Hungarian Vizsla Forums banner

1 - 2 of 2 Posts

·
Registered
Joined
·
2,617 Posts
Discussion Starter #1
It was bound to happen eventually, but tonight Scout caught her first rabbit. I let her and my parents' dog outside and had just barely shut the door when I saw Scout chasing something in the back corner of the yard. I assumed it was one of our cats or maybe a squirrel once I heard it squeak. I grabbed a flashlight and ran out there to find the rabbit lying quite stiffly and breathing shallowly. There were a couple small puncture wounds where Scout must have nipped it during the chase, but nothing that looked serious.

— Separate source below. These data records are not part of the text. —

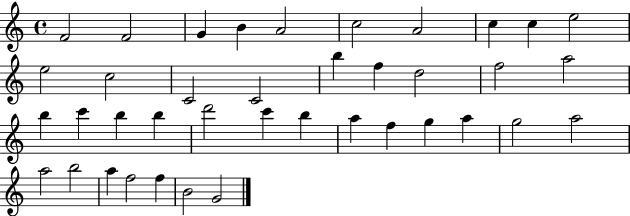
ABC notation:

X:1
T:Untitled
M:4/4
L:1/4
K:C
F2 F2 G B A2 c2 A2 c c e2 e2 c2 C2 C2 b f d2 f2 a2 b c' b b d'2 c' b a f g a g2 a2 a2 b2 a f2 f B2 G2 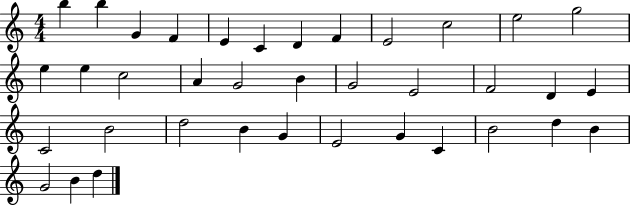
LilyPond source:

{
  \clef treble
  \numericTimeSignature
  \time 4/4
  \key c \major
  b''4 b''4 g'4 f'4 | e'4 c'4 d'4 f'4 | e'2 c''2 | e''2 g''2 | \break e''4 e''4 c''2 | a'4 g'2 b'4 | g'2 e'2 | f'2 d'4 e'4 | \break c'2 b'2 | d''2 b'4 g'4 | e'2 g'4 c'4 | b'2 d''4 b'4 | \break g'2 b'4 d''4 | \bar "|."
} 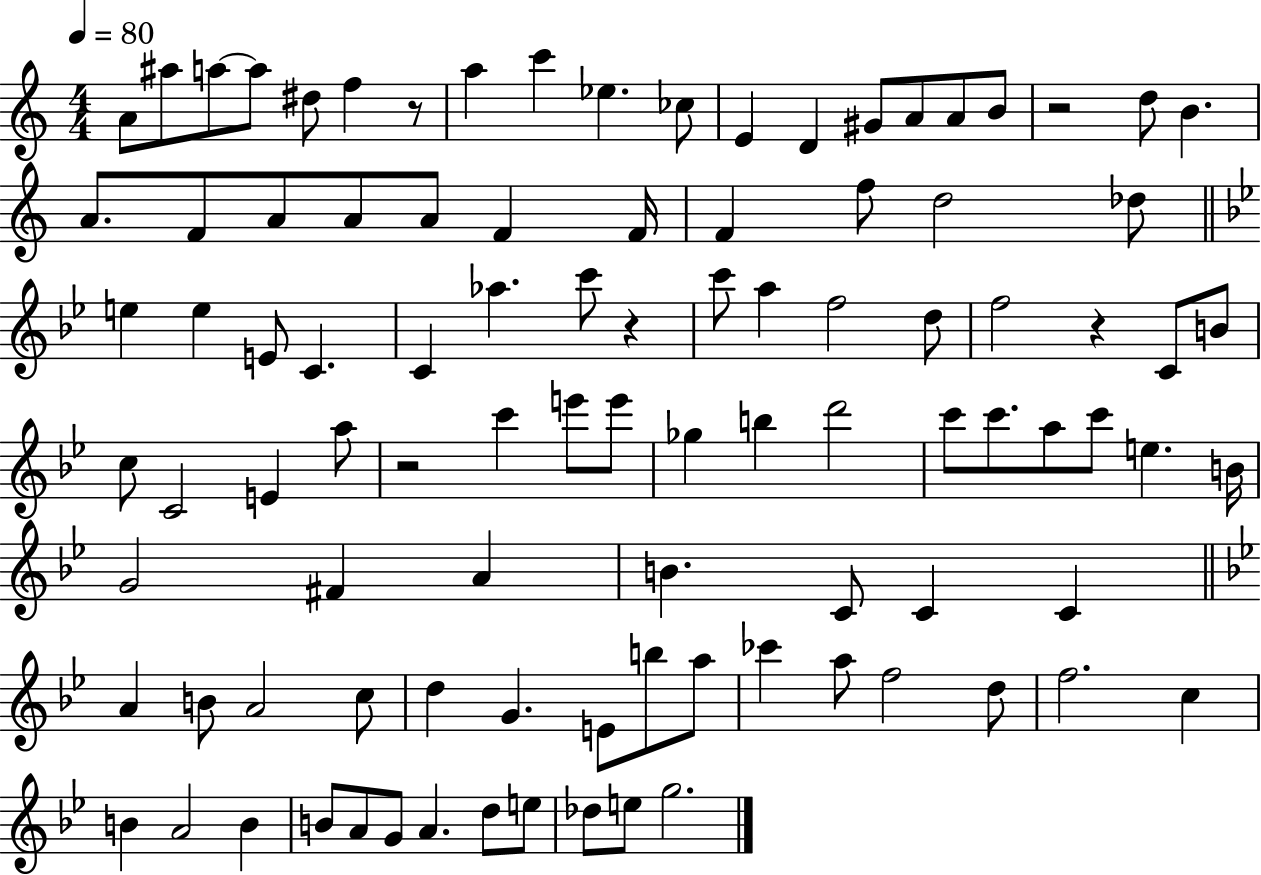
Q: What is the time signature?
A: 4/4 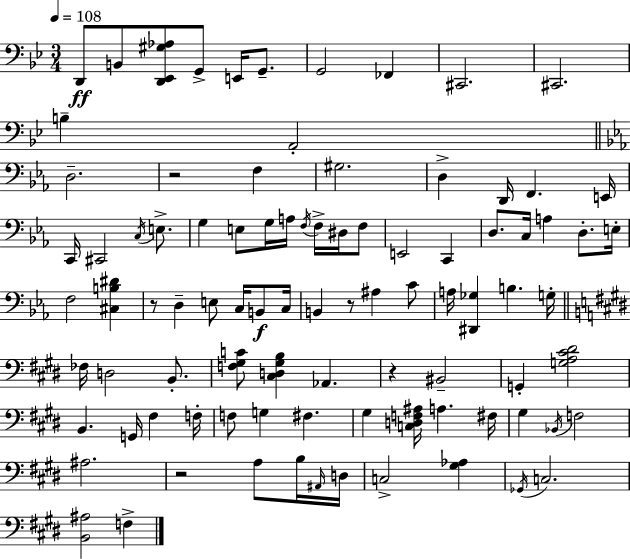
D2/e B2/e [D2,Eb2,G#3,Ab3]/e G2/e E2/s G2/e. G2/h FES2/q C#2/h. C#2/h. B3/q A2/h D3/h. R/h F3/q G#3/h. D3/q D2/s F2/q. E2/s C2/s C#2/h C3/s E3/e. G3/q E3/e G3/s A3/s F3/s F3/s D#3/s F3/e E2/h C2/q D3/e. C3/s A3/q D3/e. E3/s F3/h [C#3,B3,D#4]/q R/e D3/q E3/e C3/s B2/e C3/s B2/q R/e A#3/q C4/e A3/s [D#2,Gb3]/q B3/q. G3/s FES3/s D3/h B2/e. [F3,G#3,C4]/e [C#3,D3,G#3,B3]/q Ab2/q. R/q BIS2/h G2/q [G3,A3,C#4,D#4]/h B2/q. G2/s F#3/q F3/s F3/e G3/q F#3/q. G#3/q [C3,D3,F3,A#3]/s A3/q. F#3/s G#3/q Bb2/s F3/h A#3/h. R/h A3/e B3/s A#2/s D3/s C3/h [G#3,Ab3]/q Gb2/s C3/h. [B2,A#3]/h F3/q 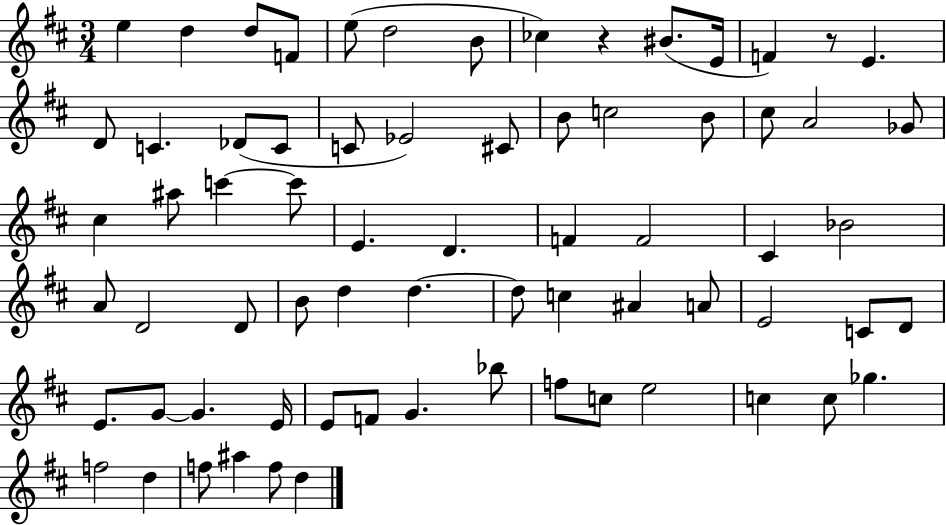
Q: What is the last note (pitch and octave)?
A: D5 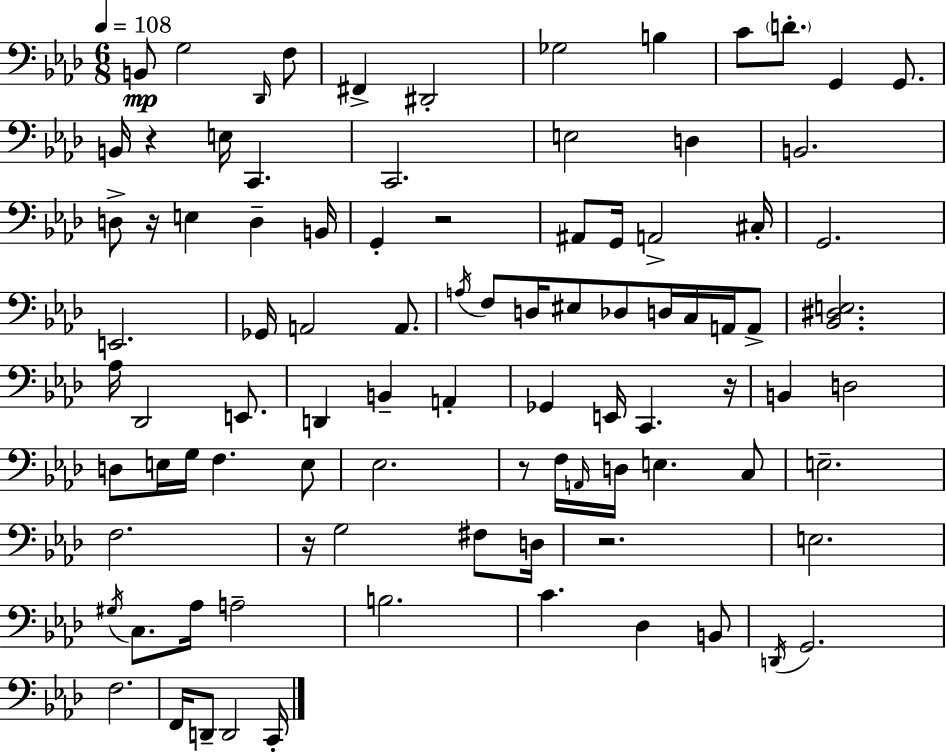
B2/e G3/h Db2/s F3/e F#2/q D#2/h Gb3/h B3/q C4/e D4/e. G2/q G2/e. B2/s R/q E3/s C2/q. C2/h. E3/h D3/q B2/h. D3/e R/s E3/q D3/q B2/s G2/q R/h A#2/e G2/s A2/h C#3/s G2/h. E2/h. Gb2/s A2/h A2/e. A3/s F3/e D3/s EIS3/e Db3/e D3/s C3/s A2/s A2/e [Bb2,D#3,E3]/h. Ab3/s Db2/h E2/e. D2/q B2/q A2/q Gb2/q E2/s C2/q. R/s B2/q D3/h D3/e E3/s G3/s F3/q. E3/e Eb3/h. R/e F3/s A2/s D3/s E3/q. C3/e E3/h. F3/h. R/s G3/h F#3/e D3/s R/h. E3/h. G#3/s C3/e. Ab3/s A3/h B3/h. C4/q. Db3/q B2/e D2/s G2/h. F3/h. F2/s D2/e D2/h C2/s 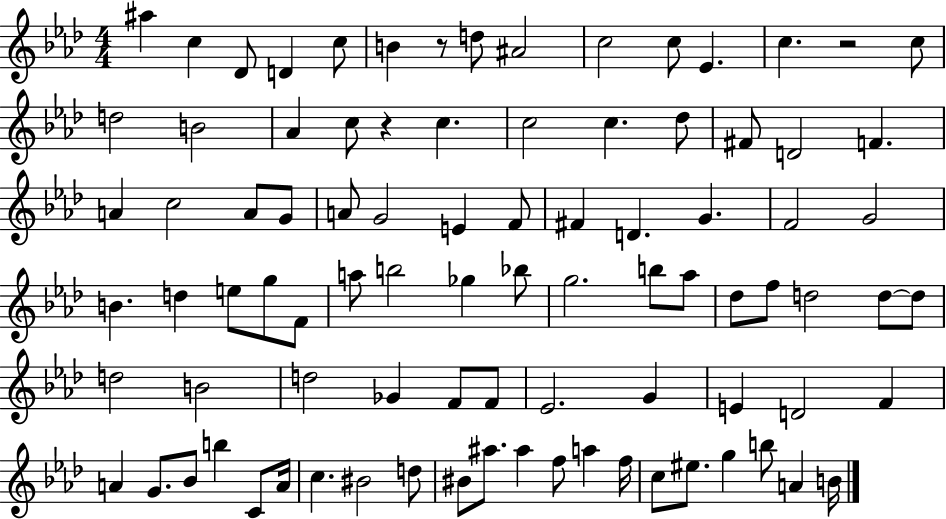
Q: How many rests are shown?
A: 3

I figured it was in shock and went inside with the dogs.

When I checked back a few minutes later it was still there, so I decided to put it in a crate and bring it inside while I looked up emergency vets and wildlife rehabilitators. We've only been here a month so I'm not familiar with the area. It passed away shortly after and I just stood there watching it for a while. It looked so much like one of our cats, a small Japanese bobtail/manx type. Since then I've been thinking, as I do, about things like life and death and the irony of being an animal lover with a hunting dog. I was happy for Scout that she got to catch it and more broadly that she has the instinct and ability to do so, that her purpose is so clear, and that it's still preserved in the breed as a whole. Its naturalness is beautiful. But since owning her and exploring hunting for her sake I have encountered and been responsible for more death than at any other point in my life. Or more accurately since I've always been a meat eater, I'm more aware of that responsibility now and have participated more directly, but it's always been there. I think people shouldn't be so disconnected from their food so as to never feel remorse or to reflect on the lives given to sustain them and if I own a hunting dog that I train to bring out that instinct then I get to accept the responsibility and the complicated feelings that come with her success.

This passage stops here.